Tag eins und Tag zwei meines Besuches in London gehen fließend ineinander über. Am Abend treffe ich mich zunächst mit „ze Germans“ im William-Blake-Pub. Es ist ein fröhliches Wiedersehen mit vielen alten Bekannten und italienischem Bier. Anschließend geht es zur Eröffnungsfeier zurück ins Barbican Centre.
Dort bleiben die Reden erfrischend kurz. Es sprechen zunächst Hauptorganisator Ed Saperia und Jon Davis, der Direktor der britischen Wikimedia. Nach ihnen betritt Wikipedia-Gründer Jimmy Wales die Bühne und stellt den ersten veröffentlichten Transparency Report der Wikimedia Foundation (WMF) vor. Demnach hat das „Recht auf Vergessenwerden“ bisher nur zu wenigen Aufforderungen geführt, Wikipedia-Inhalt zu löschen. Die im Mai erlassene Regleung ermöglicht es europäischen Bürgern zu verlangen, dass Links zu „mehr aktuellen oder relevanten Informationen“ aus den Suchergebnissen entfernt werden. Dabei bleiben die Web-Seiten, auf denen die unliebsamen Informationen stehen, online. Nur in den Suchmaschinen wie etwa Google, Yahoo und Bing dürfen sie nicht mehr auftauchen..
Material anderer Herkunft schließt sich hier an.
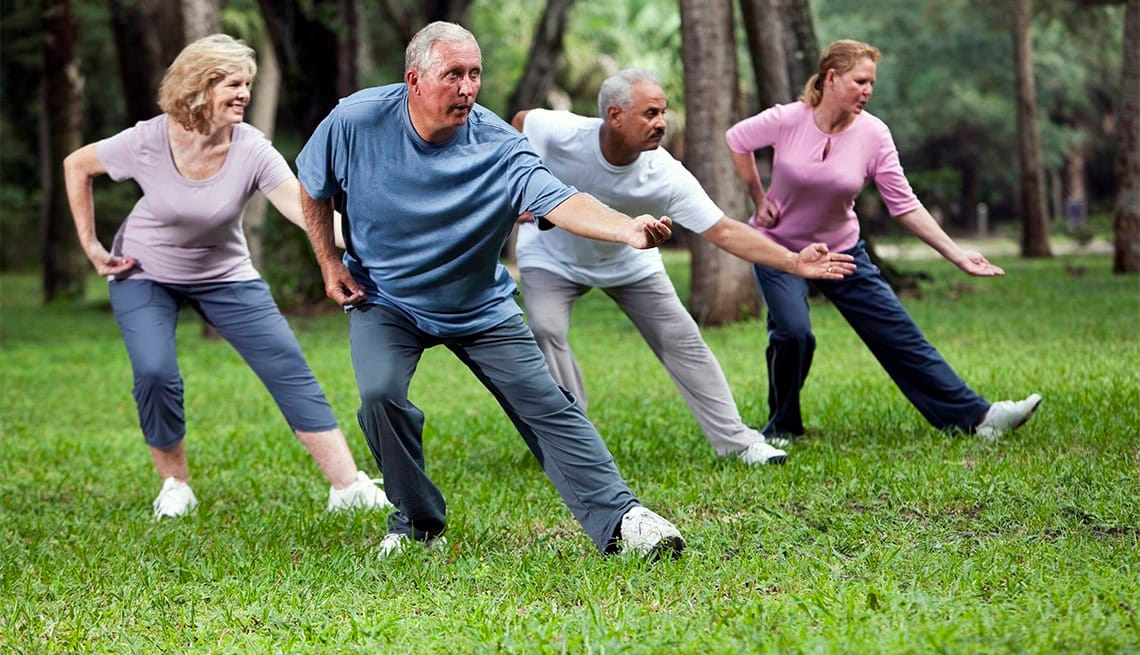 Senior martial arts practitioner demonstrating graceful Tai Chi movements in a park setting with proper form and balance Senior martial arts practitioner demonstrating graceful Tai Chi movements in a park setting with proper form and balance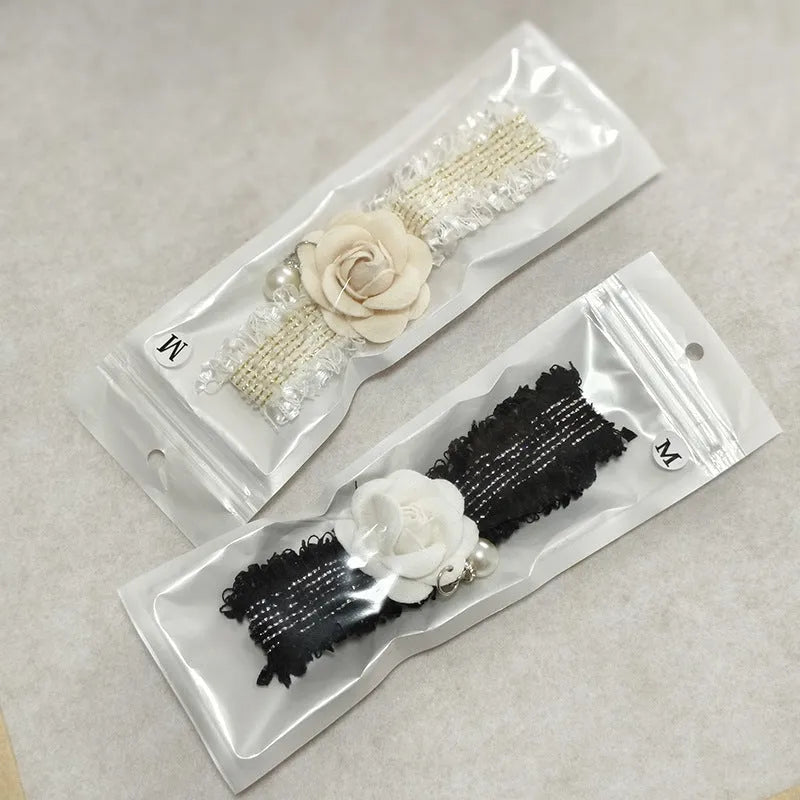Magnolia flower pet collar accessory with chain in black on white background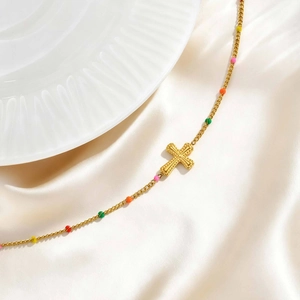 Detail of gold cross pendant necklace with colorful beads on white silk background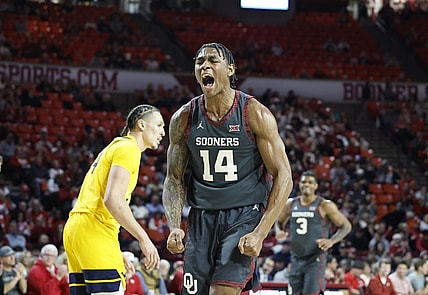 Jan 17, 2024; Norman, Oklahoma, USA; Oklahoma Sooners forward Jalon Moore (14) celebrates after scoring against the West Virginia Mountaineers during the second half at Lloyd Noble Center. Mandatory Credit: Alonzo Adams-USA TODAY Sports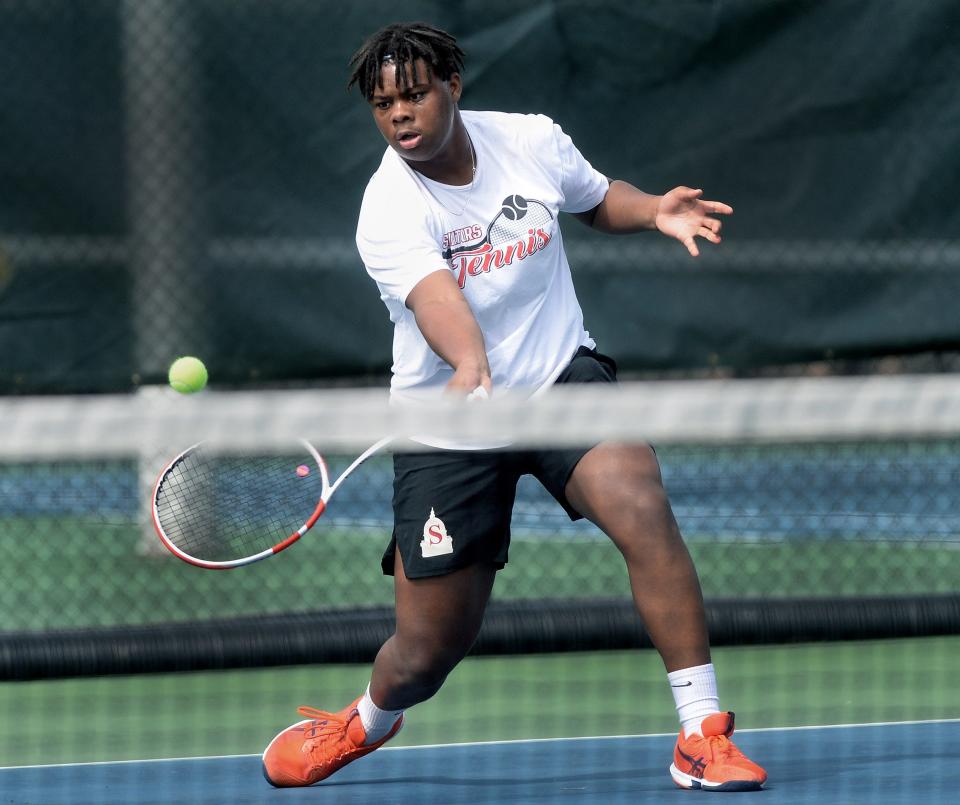 Springfield High School's Noah Williams returns a shot during the JD Sinnock Boys tennis tournament at the Velasco Tennis Center Friday, April 19, 2024.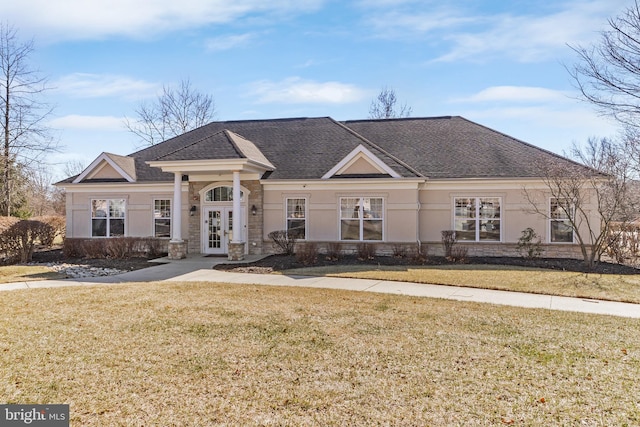 view of front facade featuring french doors, a front lawn, and a shingled roof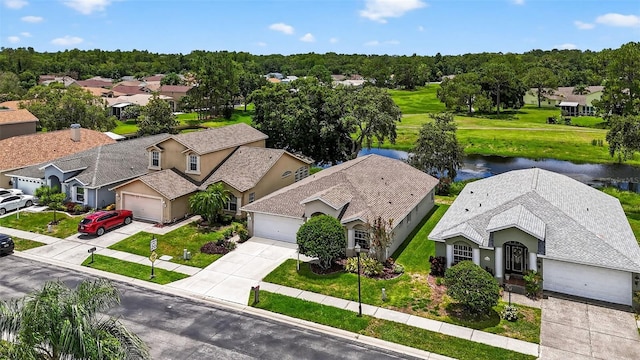 11348 Tee Time Cir, New Port Richey, FL 34654 - aerial view of residential area featuring a nearby body of water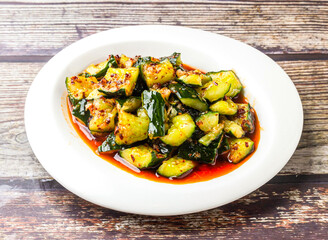 Spicy cucumber in sauce served in plate isolated on wooden table side view of hong kong food
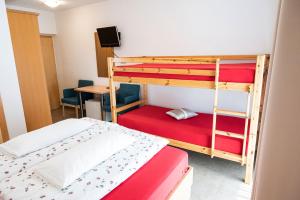 A bed or beds in a room at Garni Birkenau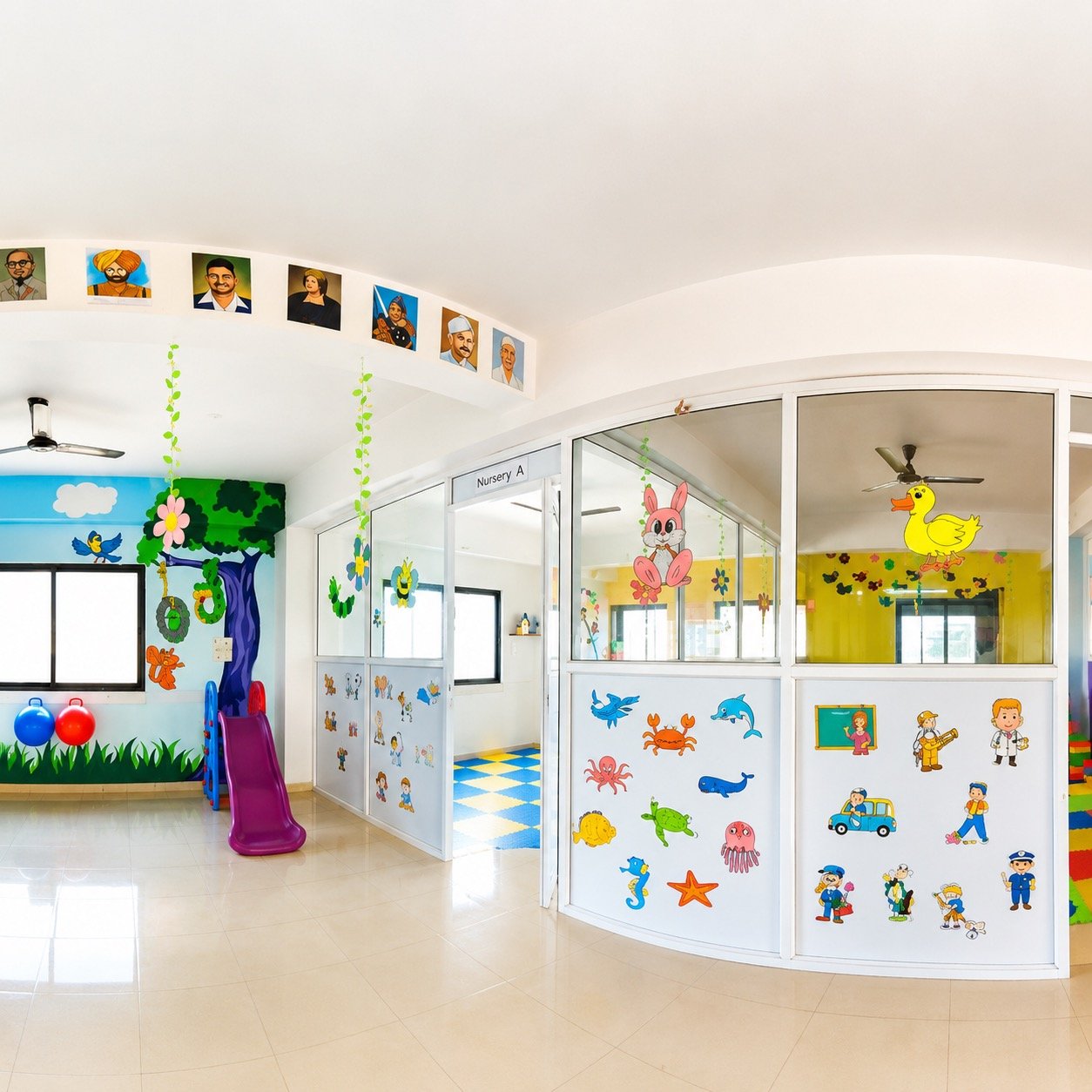 Classroom corridor with staff photo display and play corner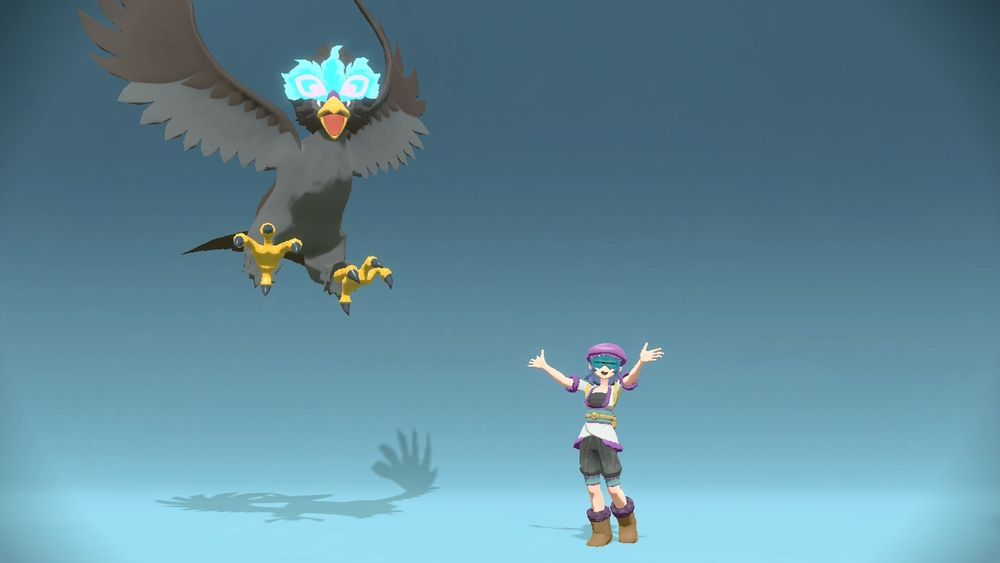 A screenshot from the photo studio in PLA. My trainer stands on the right with arms spread upward and a delighted expression. Braviary on the left is in a happy pose as well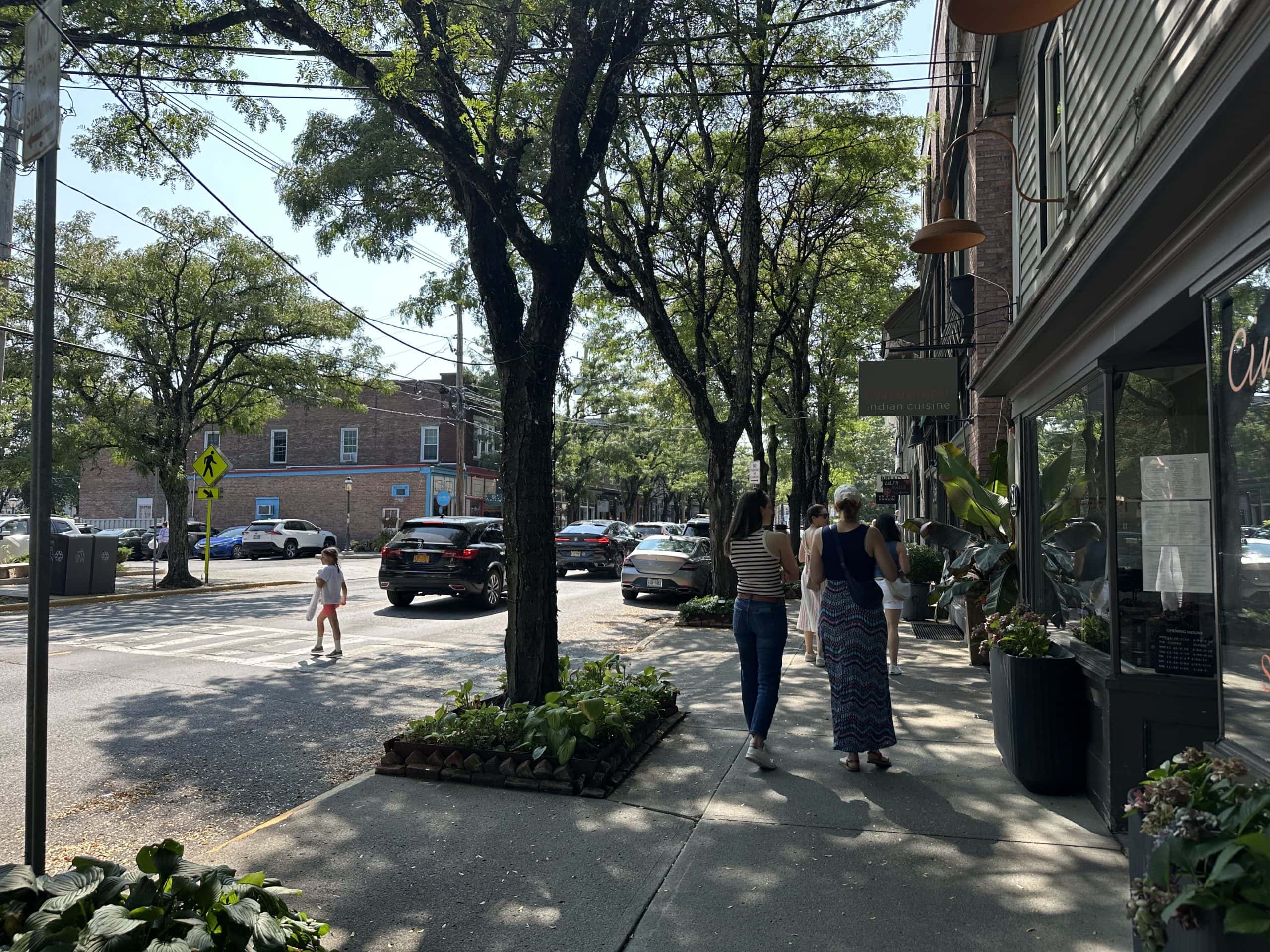Two women walk and window shop through the town of Rhinebeck, NY.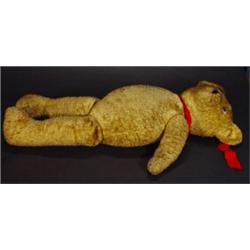 Large straw filled teddy bear with jointed arms and legs and squeaker, 75cm high…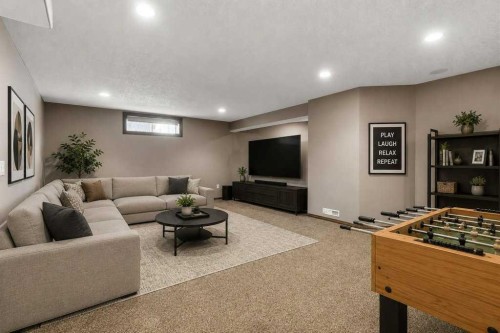 23 Aspen Stone Crescent Sw, Calgary, AB - Indoor Photo Showing Basement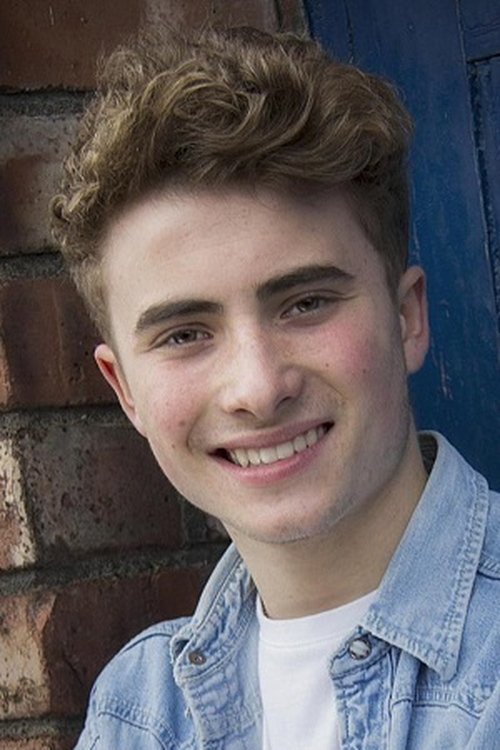 Bretten Lord as Tom Proctor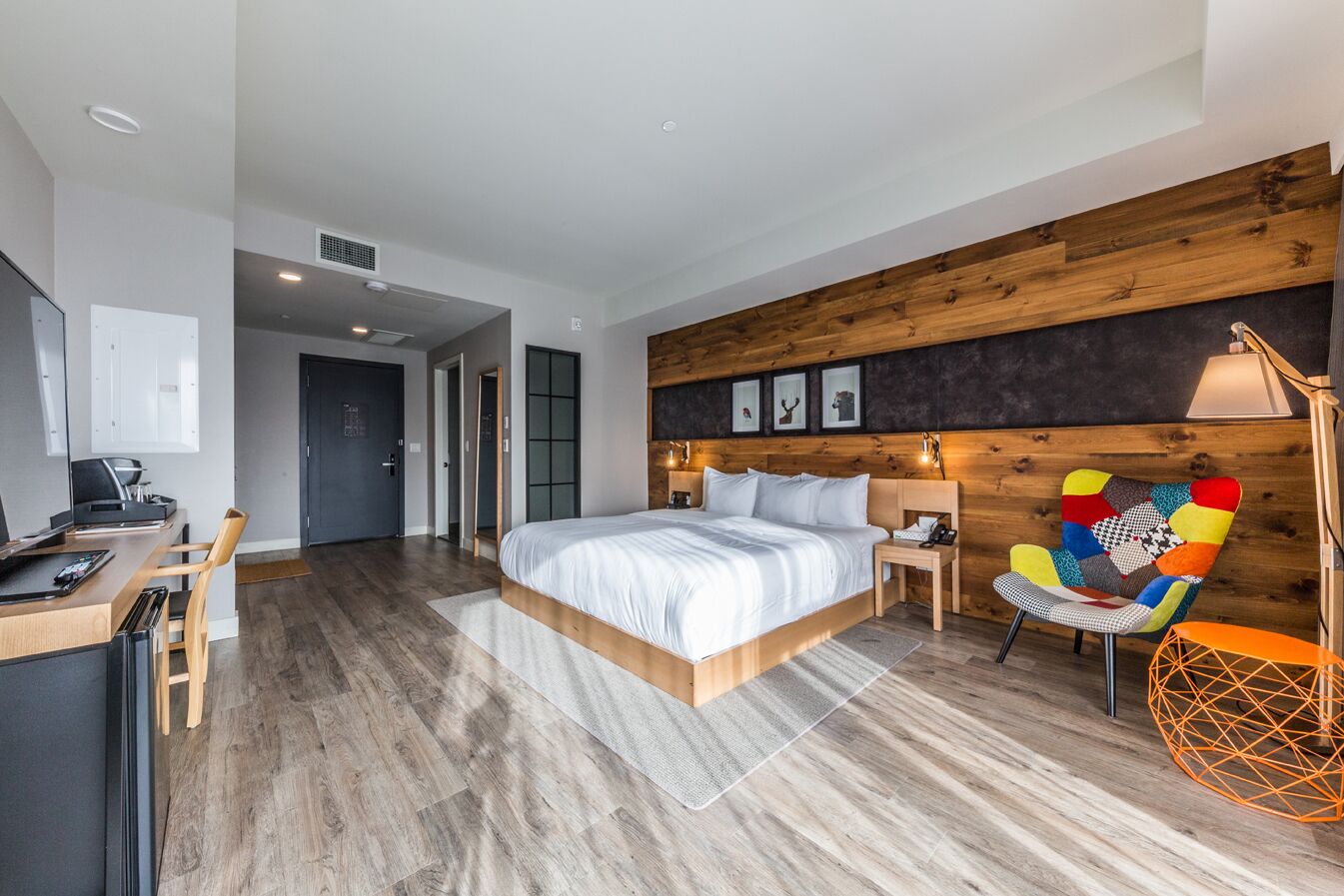 A modern bedroom with a large bed, a desk, and a colorful chair.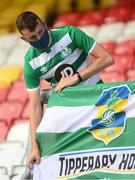 13 July 2021; A Shamrock Rovers supporter places his flag before the UEFA Champions League first qualifying round second leg match between Shamrock Rovers and Slovan Bratislava at Tallaght Stadium in Dublin. Photo by Stephen McCarthy/Sportsfile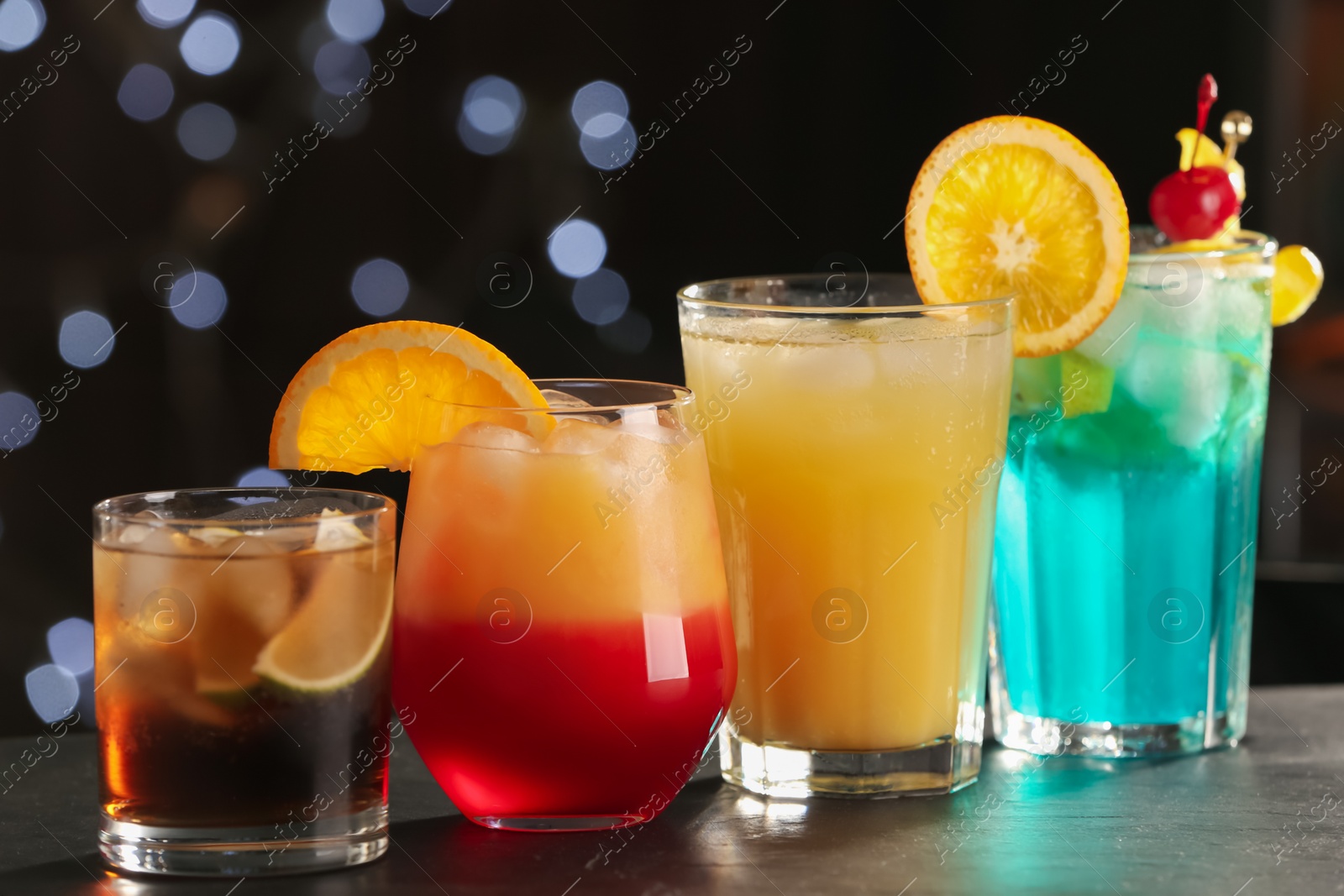 Photo of Different delicious cocktails on counter in bar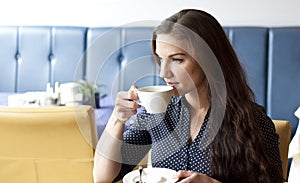 Buisness woman drinking cofee in restaurant photo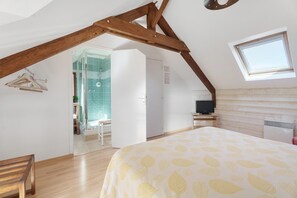 Ein Schlafzimmer mit schräg steilender Decke, einem Bett mit blattgemustertem Überwurf, einem Fernseher und einem Fenster.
Dass es bisher kaum zu Löschungen von Wikipedia-Links gekommen ist, führt Wales auf den behutsamen Umgang der Wikipedianer mit Urheber- und Persönlichkeitsrechten zurück. Dennoch sei die Regelung falsch, so Wales, da sie dazu führen könnte, dass sich im Internet „große Erinnerungslücken“ breit machen. „Ich stand selbst für eine geraume Zeit im Licht der Öffentlichkeit“, sagt der 48-Jährige, „und einige Menschen sagen gute Dinge über mich, andere dagegen haben eine schlechte Meinung von mir. Aber all das ist Teil meiner Geschichte und ich würde niemals einen Prozess anstrengen, um die Wahrheit zu unterdrücken. Das ist zutiefst unmoralisch.“
Als nächste stellt sich Lila Tretikov, seit Juni als Nachfolgerin vo Sue Gardner Geschäftsführerin der WMF in San Francisco, erstmals dem Publikum der Wikimania vor. Auch sie steht dem „Recht auf Vergessenwerden“ bekanntlich kritisch gegenüber. Auf ihre eigene Biografie Bezug nehmend zog sie Parallelen zwischen Wikipedia und dem politischen Tauwetter in der Sowjetunion der 80-er Jahre. „Glasnost lehrte mich viel über die Freiheit der Information“, erklärte die 36-Jährige, die nach dem Zusammenbruch der Sowjetunion im Alter von 16 Jahren von Moskau nach New York City zog. Welche Marschrichtung sie in der Zukunft mit den Wikimedia-Projekten einschlagen will, verriet sie aber nicht. Allerdings hatte sie sich unmittelbar nach Arbeitsantritt in ihrer ersten Stellungnahme für mehr Vielfalt in der Wikipedia ausgesprochen. Es bleibt also spannend. Von den Rängen bekam sie am Ende ihrer Ausführungen wohlwollenden Applaus, auch wenn echte Begeisterung ausblieb.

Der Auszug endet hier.